Die geplanten Aufsichtsregeln für Stromkonzerne könnten diese noch mächtiger machen, fürchtet die SPD

Berlin - Wenn es um Strom geht, sind sich die meisten Politiker einig: Die Macht der Konzerne müsse beschränkt werden, heißt es parteiübergreifend. Wie das jedoch geschehen soll, darüber herrscht bei weitem keine Harmonie. Der jüngste Vorstoß von Wirtschaftsminister Michael Glos (CSU) droht nun sogar am Widerstand in der eigenen Koalition zu scheitern. Glos will das Kartellrecht verschärfen, um die Energiekonzerne besser zu kontrollieren. „Ich bin sehr skeptisch, was die Details angeht“, sagte SPD-Fraktionsvize Ulrich Kelber dem Tagesspiegel. Seine Befürchtung: Glos werde die großen Konzerne sogar noch stärken.

Ähnlich kritisch hatte sich vor zwei Wochen schon der hessische Wirtschaftsminister Alois Rhiel (CDU) geäußert. „Eine strengere Aufsicht schafft noch keinen Wettbewerb“, hatte der Unionspolitiker gesagt. „Sie lindert nur die Folgen eines oligopolistischen Missbrauchs.“ Schließlich könnten die Kartellbehörden immer erst im Nachhinein aktiv werden. Besser wäre es deshalb, von vornherein für mehr Wettbewerb – sprich: für neue Anbieter – zu sorgen.

Doch genau dieses Ziel könnte Glos mit seinen Plänen verfehlen. Im Kern geht es dabei um das sogenannte „Cost-Plus“-Prinzip – eigentlich ein altes Relikt aus Zeiten vor der Liberalisierung des Strommarktes, das Glos nun wieder reaktivieren will. Demnach soll sich der Preis für Strom nicht mehr an der Leipziger Energiebörse EEX bilden. Vielmehr sollen die Unternehmen nur so viel verlangen dürfen, wie sie zur Deckung ihrer Erzeugungskosten plus eines kleinen Gewinns benötigen.
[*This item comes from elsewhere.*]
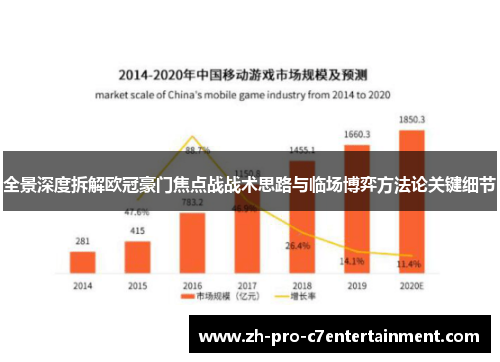 全景深度拆解欧冠豪门焦点战战术思路与临场博弈方法论关键细节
Insgesamt soll der Strompreis dadurch von heute rund 50 Euro je Megawattstunde auf 25 bis 30 Euro sinken.

Was zunächst wünschenswert klingt, bereitet den Sozialdemokraten große Sorge. „Wer das will, begeht einen strukturellen Fehler“, warnte Fraktionsvize Kelber. Die einzigen Unternehmen, die zu diesen Preisen produzieren könnten, seien die großen Konzerne mit ihren alten Kohlekraftwerken. Kleinere Wettbewerber hingegen mit modernen Gaskraftwerken – zum Beispiel Stadtwerke – würden vom Markt verdrängt. Auch der Neubau von Kraftwerken würde sich kaum mehr lohnen. „Neue Anbieter hätten keine Chance. Die alten Monopolstrukturen blieben bestehen“, sagte Kelber.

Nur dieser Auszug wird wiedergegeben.